Michael Brewer is an award winning DP, Director, and Producer, as well as one of the instructors at the Canon Boot Camp. His diverse projects have taken him to over 30 countries. His work consists of narrative films, music videos, and commercials/PSAs which can be seen on PBS, the History Channel, 20/20, ABC Nightline and more. He has used a variety of film, HD Video and HDSLR cameras including Panasonic P-2, RED ONE, Canon 5D, Arriflex, and more. Michael brings indispensable knowledge and insight to every Canon Boot Camp.
Although Michael is an accomplished DP, he came to the Canon Boot Camp first as a student. Here is what he had to say about his experience:
“I took the Pro Level 1 class covering everything – from all the technical/aesthetic settings, picture styles, histograms, sound recording, HDSLR for green screen, demystifying the DSLR workflow and more. I shot my son’s music video the very next week.”
Here, Michael answers two of my most pressing questions:
1. What do you like about the Canon Boot Camp?
One thing that I really like about the Canon Boot Camp is the incorporation of a short narrative screenplay that the students shoot as part of Pro Level 2. The shots are designed so that the Canon 5D is pushed to its limits in terms of dynamic range, mixed light situations, and shooting in low light – candle light, practicals, etc. We also put the students and cameras through their paces using various support rigs such as which add professional production value. It feels great watching everyone’s confidence grow, using the camera to the point where it’s almost second nature. There is time pressure and many of the other production challenges of real-life situations.
Like a seasoned director once told me, “make demands and people will grow.”
2. What is your favorite HDSLR gear/equipment?

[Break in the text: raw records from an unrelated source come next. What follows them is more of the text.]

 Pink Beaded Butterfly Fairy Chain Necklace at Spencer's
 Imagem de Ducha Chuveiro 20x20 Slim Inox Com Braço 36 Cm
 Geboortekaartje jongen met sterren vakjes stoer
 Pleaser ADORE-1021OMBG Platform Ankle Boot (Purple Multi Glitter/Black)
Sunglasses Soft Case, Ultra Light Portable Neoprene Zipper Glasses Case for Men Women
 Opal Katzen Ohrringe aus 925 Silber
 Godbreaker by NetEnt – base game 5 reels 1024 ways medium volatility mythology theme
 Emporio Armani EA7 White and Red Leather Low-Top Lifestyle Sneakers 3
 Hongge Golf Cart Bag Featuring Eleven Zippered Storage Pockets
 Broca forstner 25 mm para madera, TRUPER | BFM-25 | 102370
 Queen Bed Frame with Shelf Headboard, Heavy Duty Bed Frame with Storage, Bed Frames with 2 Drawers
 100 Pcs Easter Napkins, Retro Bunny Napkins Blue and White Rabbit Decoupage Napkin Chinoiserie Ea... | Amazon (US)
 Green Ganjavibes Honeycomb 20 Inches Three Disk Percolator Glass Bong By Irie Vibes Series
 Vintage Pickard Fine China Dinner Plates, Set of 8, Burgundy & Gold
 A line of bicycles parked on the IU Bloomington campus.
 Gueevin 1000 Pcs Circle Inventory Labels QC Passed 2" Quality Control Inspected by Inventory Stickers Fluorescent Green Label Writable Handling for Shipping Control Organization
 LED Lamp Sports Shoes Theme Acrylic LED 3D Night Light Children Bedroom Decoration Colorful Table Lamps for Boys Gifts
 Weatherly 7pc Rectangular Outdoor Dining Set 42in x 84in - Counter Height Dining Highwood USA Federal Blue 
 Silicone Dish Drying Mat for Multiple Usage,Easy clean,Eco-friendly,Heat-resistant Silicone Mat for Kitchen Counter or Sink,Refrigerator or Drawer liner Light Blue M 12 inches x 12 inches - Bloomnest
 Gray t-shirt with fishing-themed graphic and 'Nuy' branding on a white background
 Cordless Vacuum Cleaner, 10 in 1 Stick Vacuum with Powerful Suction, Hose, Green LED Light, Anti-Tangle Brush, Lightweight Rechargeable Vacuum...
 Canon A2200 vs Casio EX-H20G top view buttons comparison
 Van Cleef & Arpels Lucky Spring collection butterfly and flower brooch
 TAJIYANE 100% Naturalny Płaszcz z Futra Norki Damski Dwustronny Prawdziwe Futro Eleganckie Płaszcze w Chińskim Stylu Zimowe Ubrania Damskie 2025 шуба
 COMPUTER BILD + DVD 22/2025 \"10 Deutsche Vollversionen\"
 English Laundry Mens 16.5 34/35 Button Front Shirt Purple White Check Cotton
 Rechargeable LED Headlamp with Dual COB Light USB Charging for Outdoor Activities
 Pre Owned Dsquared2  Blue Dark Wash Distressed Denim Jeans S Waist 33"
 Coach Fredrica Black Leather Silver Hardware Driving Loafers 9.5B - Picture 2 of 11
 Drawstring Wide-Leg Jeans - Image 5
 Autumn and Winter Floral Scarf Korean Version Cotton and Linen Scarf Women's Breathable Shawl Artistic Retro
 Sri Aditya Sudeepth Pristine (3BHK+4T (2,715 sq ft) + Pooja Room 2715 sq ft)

My favorite piece of HDSLR gear has to be my Red Rock Captain Stubing camera rig with follow focus. I cannibalized an older DVTec shoulder rig, using its’ waist belt and telescoping rod, giving the desired three points of contact for a more stable shot (left handle, right handle, rod…and four points of contact if you are also using a Zacuto Z-finder). The spring-loaded telescoping rod acts as a shock absorber – whether just standing still or walking, sort of a poor man’s Steadicam. To me, this setup makes my camera feel more organic and fluid.
I can also easily adjust the distance between the LCD viewfinder and my eyes for maximum clarity. I’m used to pulling my own focus, so the follow focus operation is second nature. You can adjust the left microhandle and hold it while using the same hand to operate the follow focus. A matte box is easily attached to the base plate rods.I also keep a Manfrotto quick release plate attached to the cheese plate to get it on and off of the tripod quickly.
Michael used this rig in Namibia to shoot the short film African Cowboy. Click here to view the trailer.
Michael notes that, “The emerging Namibian filmmakers that I met had never actually seen or had the camera in their hands before. To my knowledge, that was the first time they were able to see the Canon 5D up close and personal. That was May 2011.”